Our family traveled south for Thanksgiving in order to see my extended family and we had a marvelous time. The food was outstanding, the games were lots of fun, and the time spent with loved ones was very, very valuable. But I also had an ulterior motive. I was in need of some particular records that were hiding in my uncle’s house. I can’t say what or why, exactly, but I knew I needed to find something he had.
The story turned out better for my uncle than for Laban, and I was able to abscond with check out several boxes of family history from him: records that might as well be made of gold, there are worth so much to me.
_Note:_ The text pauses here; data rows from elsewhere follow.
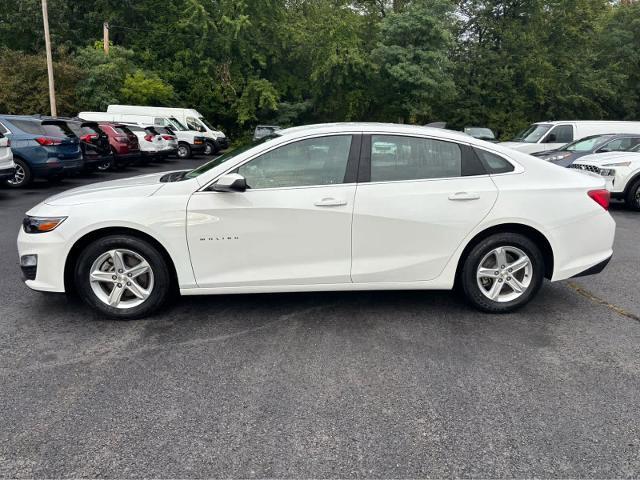 2023 Chevrolet Malibu 1FL Fitchburg MA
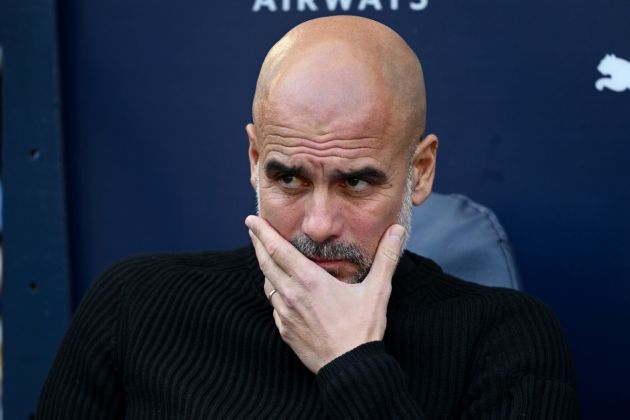 The international break gives Pep Guardiola the chance to assess City's season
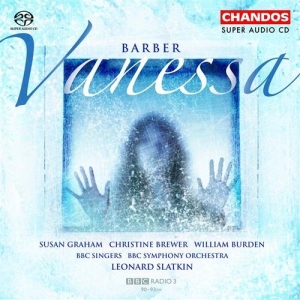 Barber - Vanessa in der Gruppe Externt_Lager / Naxoslager bei Bengans Skivbutik AB (2034562)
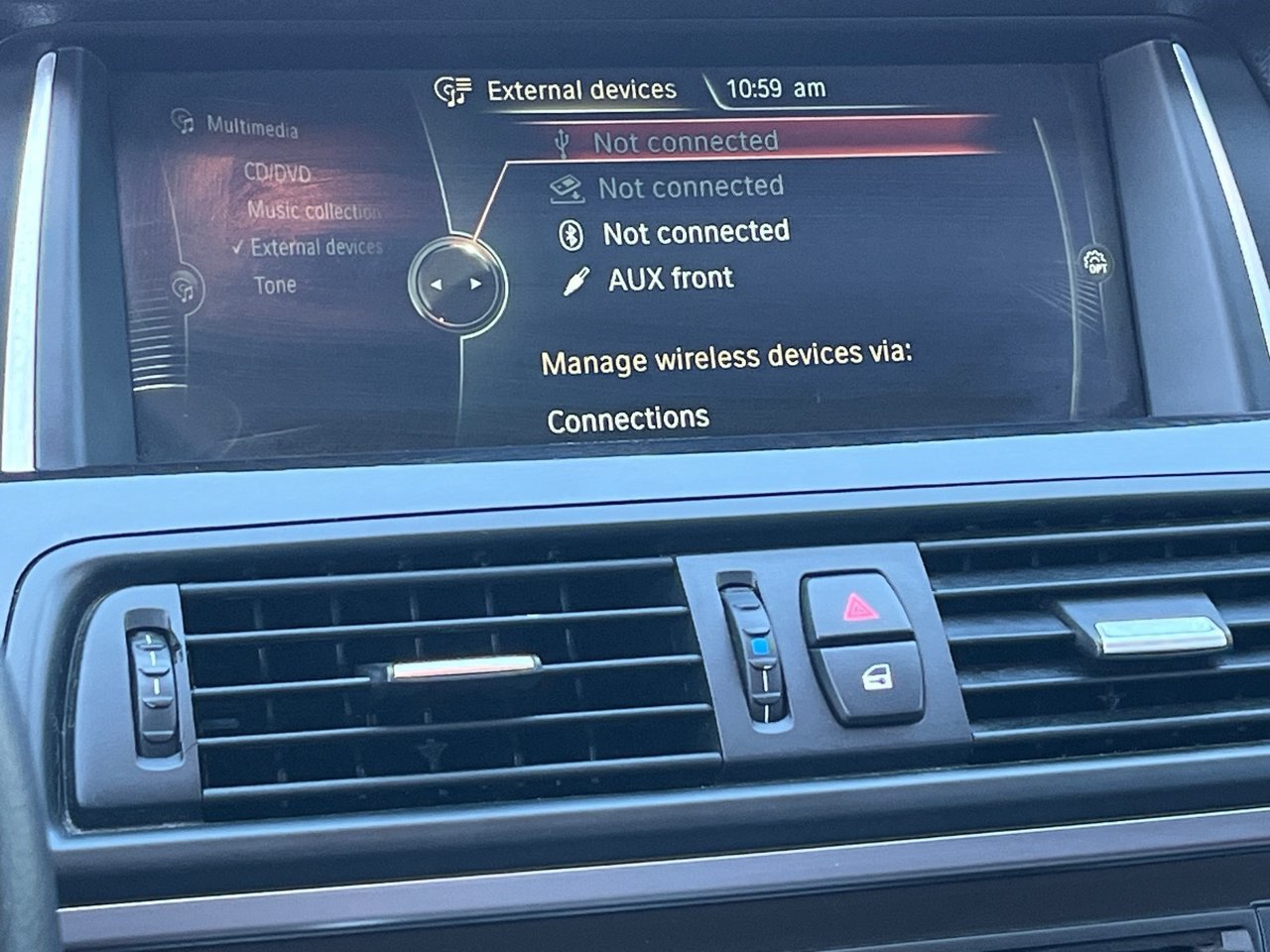 Used 2014 BMW 528i Sedan RWD image 23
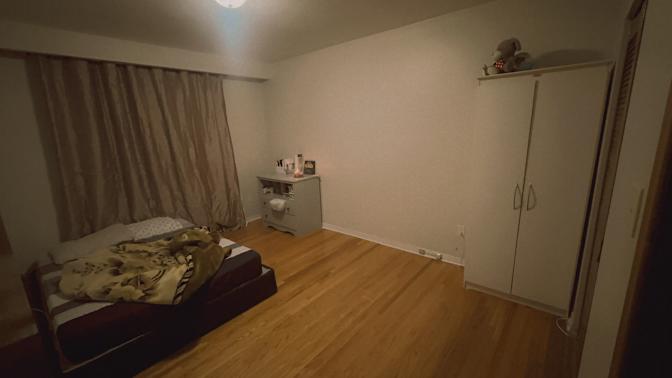 Amanpreet's room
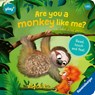 Ravensburger Play+ Infant & Toddler - Are you a Monkey like me? - Kathrin Lena Orso - 9783380970033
I sat down with my stash the day after I got home and began to sort through them. Original photographs, letters, my great-grandfather’s pocket notebook (with notes in English and a prayer in Norwegian, a recipe for prune-filled cookies, thoughts on a passage in the New Testament, and notes on Latin vocabulary), and family group records all organized and ready to be typed into the computer on FamilySearch. Wow. I am in genealogical heaven, so to speak.
One of the more remarkable finds was the written life history of my paternal great-great-grandmother Maren Kirstine Olsen Petersen and her husband, Peter Fredrick Petersen from Denmark. While that was exceptionally cool, the thing that made me stop in my tracks and get goosebumps was the fact that these were stuck in with the information from my mother’s side of the family. If this section of the box, which contained my mother’s work from the 1970’s, had gone unopened from my mother’s brother to his children, they would not have known who these people were and the stories would have been lost to my children since I don’t have them anywhere else in my files.
Last night I dreamed I was being guided through a maze of hallways and institutional buildings by a dark-haired young man who wanted me to go where he had been. I did say I believe in angels, didn’t I? Well, I believe they are most active in my life when it comes to family history and finding that which is necessary for me, individually, to find. When I follow my inner guide, I go amazing places and get to visit amazing people.
Like my ancestors Reuben, Marie, Clifford, Jean, Peter, and Maren.
Wow. This is incredibly cool. Thanks for sharing this. Ben’s family makes a Danish heritage raisin filled cookie that they all love. My Danish blood must not be thick enough to have acquired the taste.
Hmm. I vote to modify the recipe to fit Cache Valley better and fill them with raspberry jam instead. I’m sure no one in his family will object. 😉
Maren, this entry touches me directly, as we “found” our Norwegian ancestors, too, only in Østfold, Norway. We’ve also been able to procure a number of journals and personal letters from Haakon Aamodt, our great-great grandfather, who left the homeland and settle near Salt Lake City, Utah. With ancestors like that — people of conviction and grit — I feel obligated to them to make good on the investment that cost them so very much. Love that you’ve got Danish blood, too, as do I.
Thanks, Melissa. Finding that kind of information- even the mundane things like a little pocket notebook- is so exciting. It’s not entirely rational: “Look! This guy I’m related to liked prune-filled cookies! I have the proof!” It’s something more than that, something beyond; the thrill we descendants feel is more than the sum of the paper parts of their lives we hold in our hands. There’s something spiritual at work, of course. I have half as much Danish blood as Norwegian. I really enjoyed my visit to Denmark 2 years ago. Maybe sometime I will write about the humorous story wherein I (at age 16) met a Danish woman who made fun of my name.
Yes! You SHOULD write that story, especially since you have the records of the woman who provided that name for you.